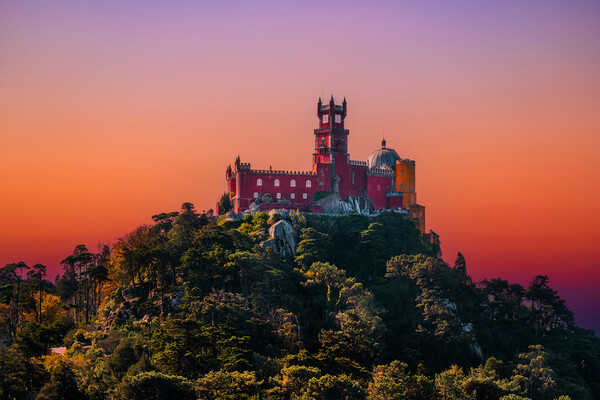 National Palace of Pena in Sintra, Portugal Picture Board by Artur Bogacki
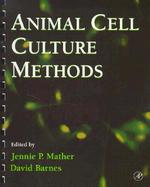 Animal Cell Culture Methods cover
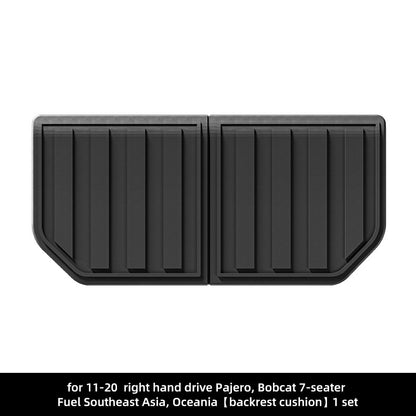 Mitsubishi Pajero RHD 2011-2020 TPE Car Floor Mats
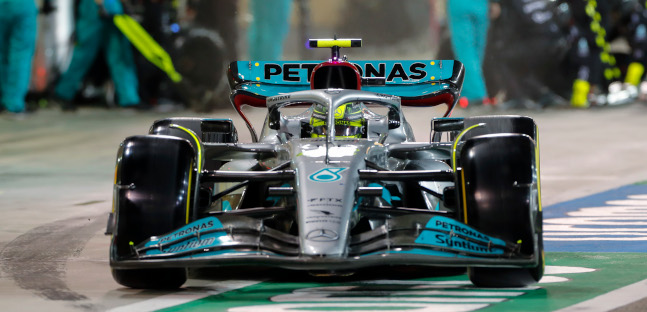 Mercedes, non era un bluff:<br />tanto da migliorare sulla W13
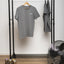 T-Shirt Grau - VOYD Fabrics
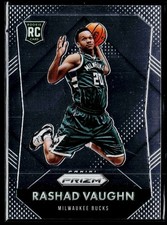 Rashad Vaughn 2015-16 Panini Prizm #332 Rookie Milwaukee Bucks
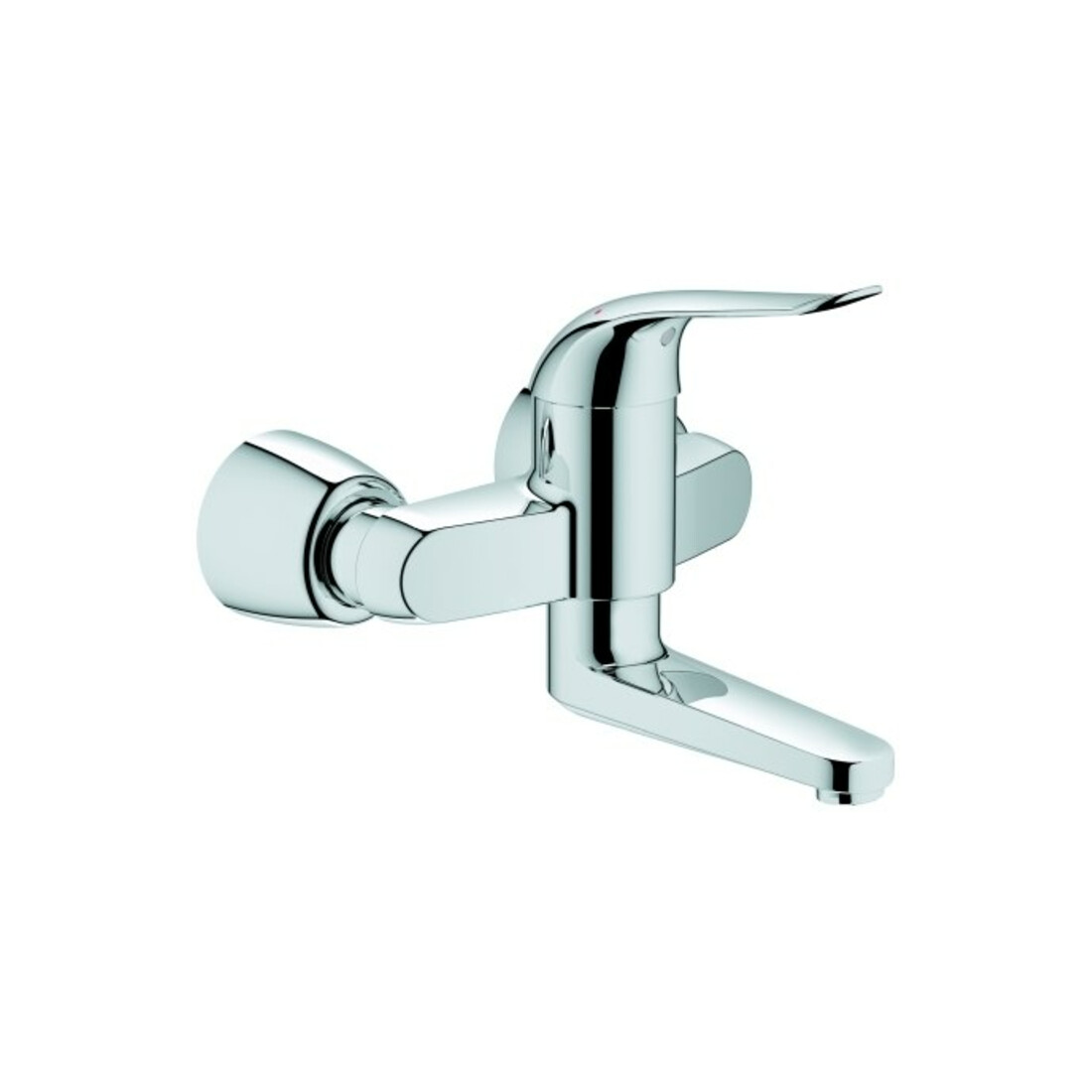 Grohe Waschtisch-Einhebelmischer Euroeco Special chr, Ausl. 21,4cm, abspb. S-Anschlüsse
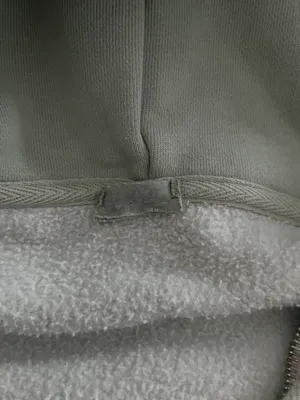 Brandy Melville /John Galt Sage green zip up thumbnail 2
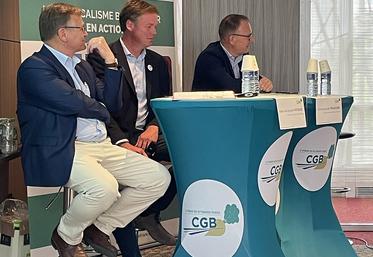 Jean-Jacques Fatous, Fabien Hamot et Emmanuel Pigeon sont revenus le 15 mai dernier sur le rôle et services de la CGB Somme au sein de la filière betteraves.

---

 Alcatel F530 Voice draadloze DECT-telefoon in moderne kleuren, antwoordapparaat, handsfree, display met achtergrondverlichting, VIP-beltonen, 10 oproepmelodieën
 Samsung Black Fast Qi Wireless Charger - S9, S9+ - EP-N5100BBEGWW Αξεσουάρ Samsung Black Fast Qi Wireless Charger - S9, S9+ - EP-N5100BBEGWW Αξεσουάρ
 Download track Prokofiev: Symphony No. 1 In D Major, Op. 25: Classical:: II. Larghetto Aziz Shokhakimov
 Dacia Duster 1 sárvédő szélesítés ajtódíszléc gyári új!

...

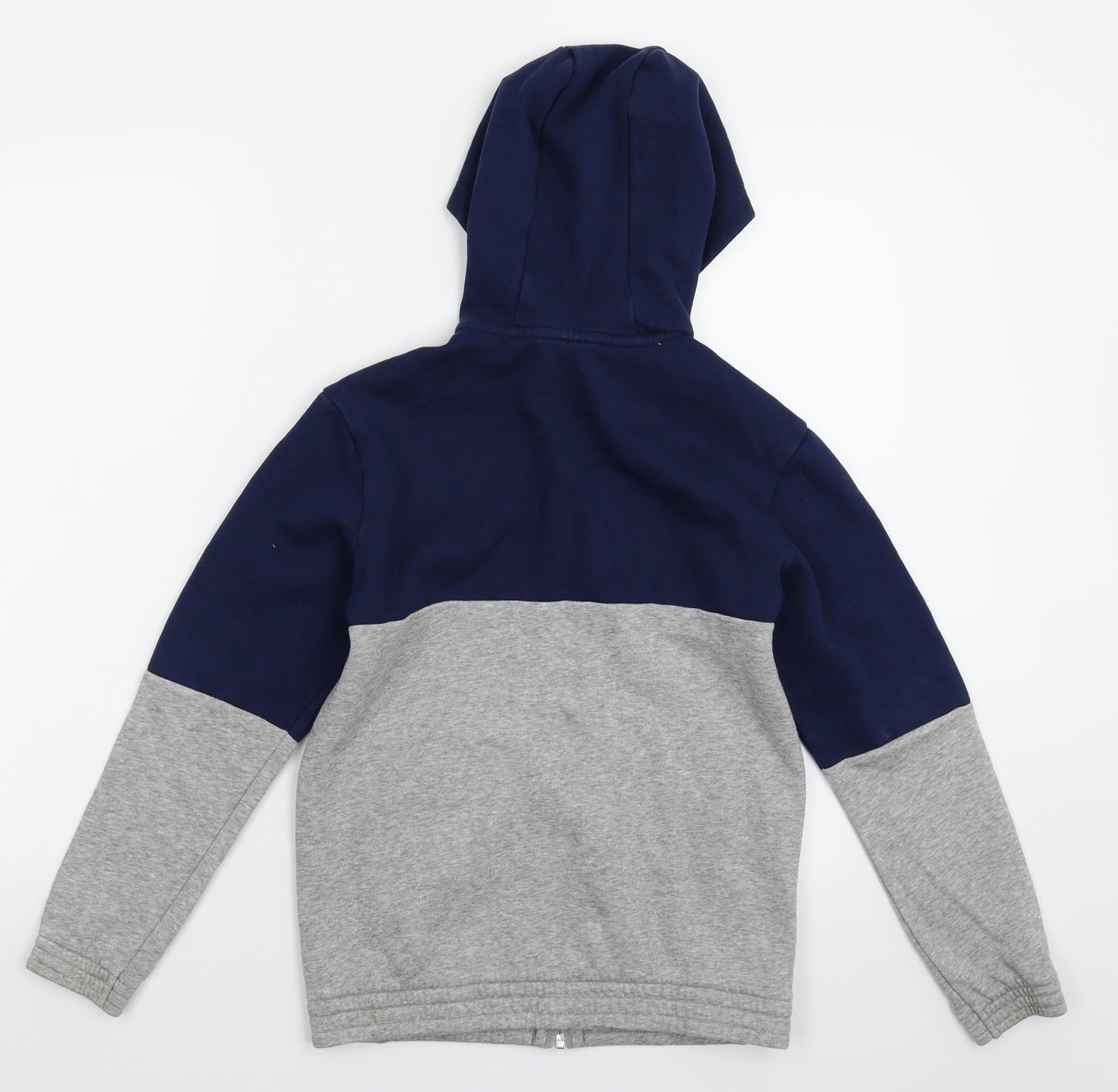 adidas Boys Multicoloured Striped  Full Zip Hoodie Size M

TASK ITEM – Reproduce exactly the section above that begins at the line containing "Alcatel F530 Voice" and ends at the line containing "Dacia Duster 1", leaving out all other lines.

FINISHED TASK –
 Alcatel F530 Voice draadloze DECT-telefoon in moderne kleuren, antwoordapparaat, handsfree, display met achtergrondverlichting, VIP-beltonen, 10 oproepmelodieën
 Samsung Black Fast Qi Wireless Charger - S9, S9+ - EP-N5100BBEGWW Αξεσουάρ Samsung Black Fast Qi Wireless Charger - S9, S9+ - EP-N5100BBEGWW Αξεσουάρ
 Download track Prokofiev: Symphony No. 1 In D Major, Op. 25: Classical:: II. Larghetto Aziz Shokhakimov
 Dacia Duster 1 sárvédő szélesítés ajtódíszléc gyári új!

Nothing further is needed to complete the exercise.